Por Luis Buero*. Foto Ana Jannelli
Al cumplir 40 años un hombre decidió desnacer. ¿Qué significa esto? Pues bien, entendió que su presencia en el planeta carecía de sentido, que ya se le había pasado el tiempo de triunfar en la vida. No podía soportar la sensación de haber quedado fuera del camino. Como no he podido ser alguien, será nadie, pensó entonces.
Claro que para ser nadie, o Nada, tenía que suicidarse, idea poco práctica que sólo serviría para hacer sufrir a sus seres queridos, porque ciertamente con ese acto no podría eliminar su derrota social de la memoria de sus contemporáneos y descendientes. Al contrario, sería un perdedor inolvidable. Necesitaba buscar otra solución: no haber existido nunca.
Para ello visitó a un maestro yogui. El hombre le rogó entonces que lo transportase (a él o a su imagen) a través de un viaje astral, es decir a través de la mente, al lugar, día y hora en que sus padres lo concibieron. Yo debo entrar en ese conventillo, afirmó excitado el hombre. Necesito sorprenderlos, evitar el acto sexual, interferir, impedir su amor. Y agregó, así ahorraré ese instante inútil de la historia, y con él, toda mi vida de un plumazo.
– No puedes haber fracasado, porque el fracaso es una ilusión, como lo es también el éxito y todos los actos de tu personalidad –insistió el yogui para detenerlo. Y luego puntualizó: “te costará mucho entenderlo, pero debes saber que todo lo que nos ocurre en la vida es siempre lo mejor que nos puede pasar”.

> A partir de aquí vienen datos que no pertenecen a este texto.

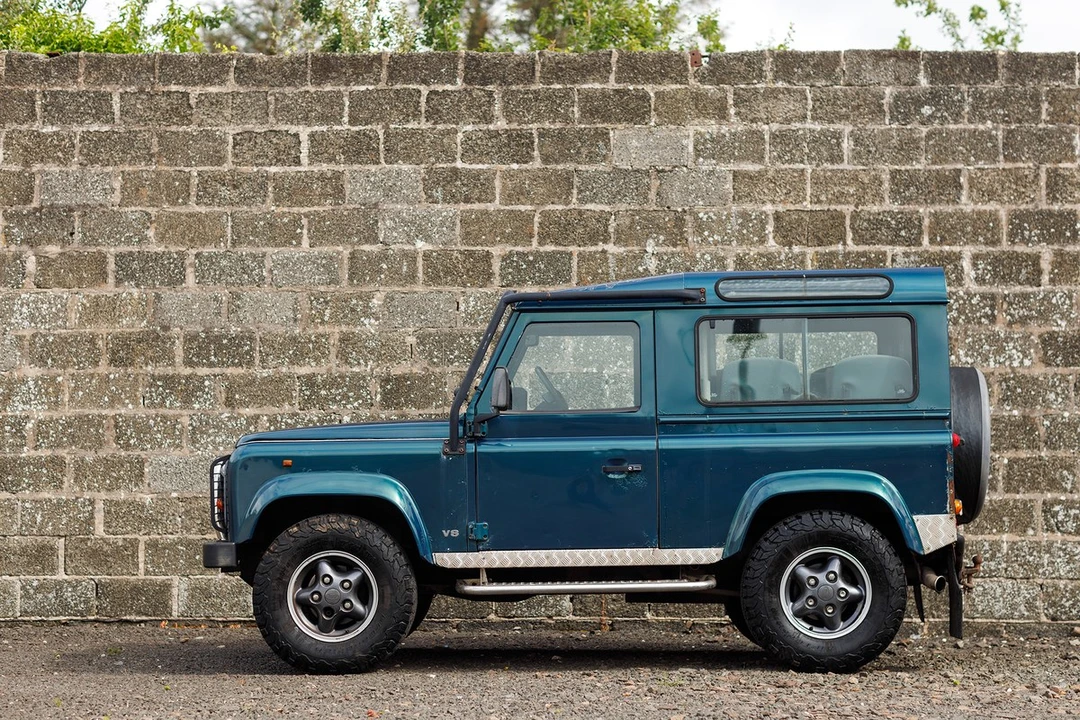 1998 Land Rover Defender 90 - Image 25 of 30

Pero el hombre era un ser inconsolable y estaba decidido a desnacer. Ante solicitud tan desmesurada, el yogui comprendió que se trataba también de una prueba personal a sortear y aceptó ayudarlo. “La luz de tu vela no está aquí para iluminarse a sí misma”, le recriminaban en pleno corazón sus antepasados, y el yogui supo que debía acompañar al hombre hasta el final de su loco camino. Así fue que lo transportó a un sitio muy pobre, 41 años antes en el tiempo, y lo instaló frente a la cama de sus padres. Con indescifrable emoción el hombre los vio jóvenes, abrazados, soñando desnudos y felices a su futuro hijo. Reconoció la habitación de su infancia, el empapelado con flores, los muebles robustos, los cortinados tejidos a mano.
El yogui le transmitió la orden: “¡Ahora grita! ¡Grita y sorpréndelos! ¡Grita y no se amarán!”… Pero el hombre sintió miedo, terror de ser nada, y con lágrimas y jadeos permaneció en silencio. A su mente que vibraba pidiéndoles perdón por haber fracasado, le respondió el murmullo de sus padres, que sólo ansiaban tener un hijo que fuera feliz. Nada más que eso.
–¡ Rápido, grita cuanto antes! Ya casi no puedo retener tu imagen –repitió el Maestro.
–No, no puedo, no me atrevo, quiero volver, ¡quiero volver!
Sus padres vieron un chispazo, pensaron que pronto llovería y se besaron con más intensidad. El hombre apareció acurrucado frente al Maestro y llorando se aferró a las piernas de éste. Se fue calmando de a poco. Luego se pararon. Hombre común y yogui quedáronse mirando un rato. El Maestro le regaló una sonrisa infinita y lo despidió para siempre.
En la ruta, mirando caer en llamas el último sol de la tarde, el hombre recordó las últimas palabras del yogui durante el abrazo de despedida: “Recuérdalo, hermano, tú eres el único en el mundo, el único… que pidió nacer”.
*Luis Buero es escritor, guionista, periodista, psicólogo social y docente.